(Data section)

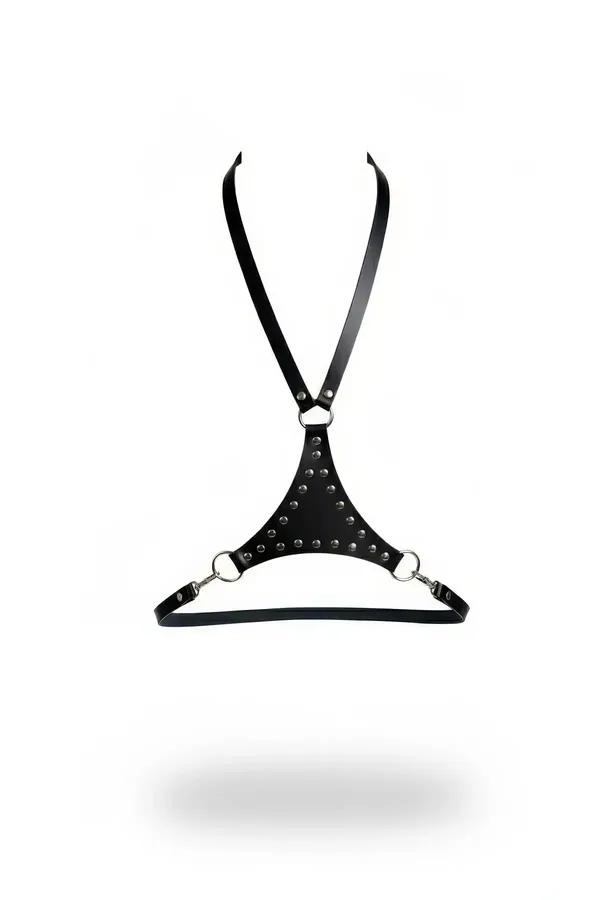 Zımbalı siyah vegan deri göğüs harness, üçgen panel ve gümüş O-halka detayı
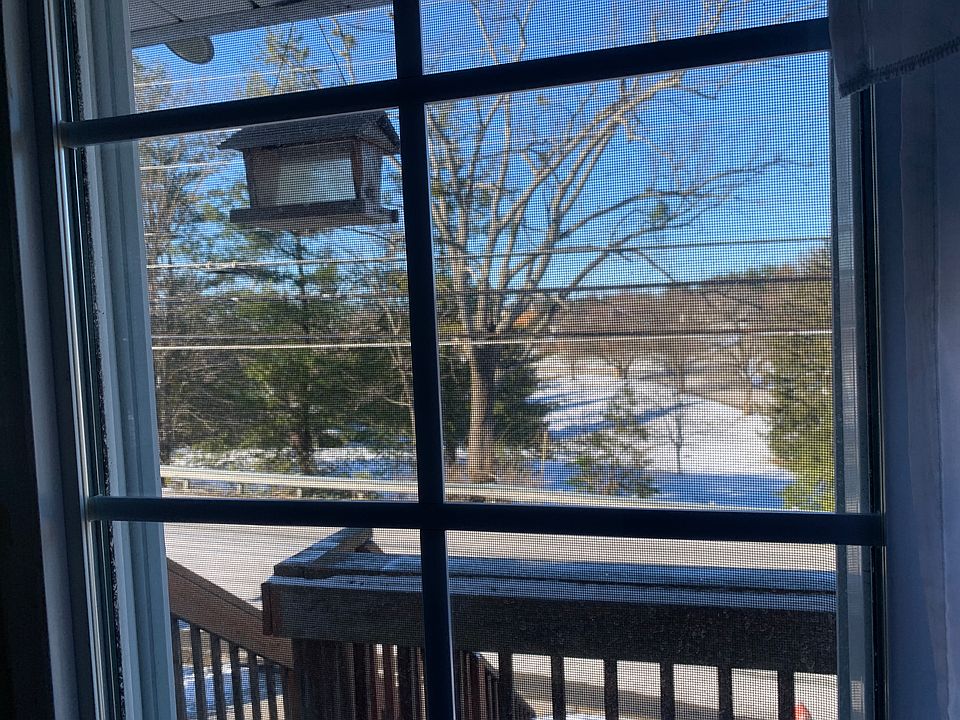 Convenient to all the best of Richmond, and beyond!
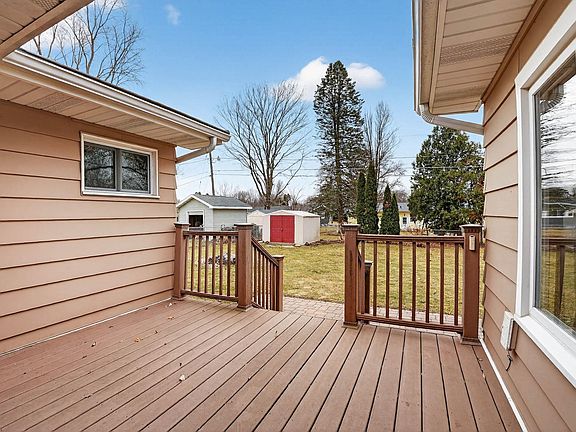 4th image of 1119 Rachael St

(End Data section)

# Task brief
Every line of the data should be transcribed exactly. Omit the images.

# Written solution
 Zımbalı siyah vegan deri göğüs harness, üçgen panel ve gümüş O-halka detayı
 Convenient to all the best of Richmond, and beyond!
 4th image of 1119 Rachael St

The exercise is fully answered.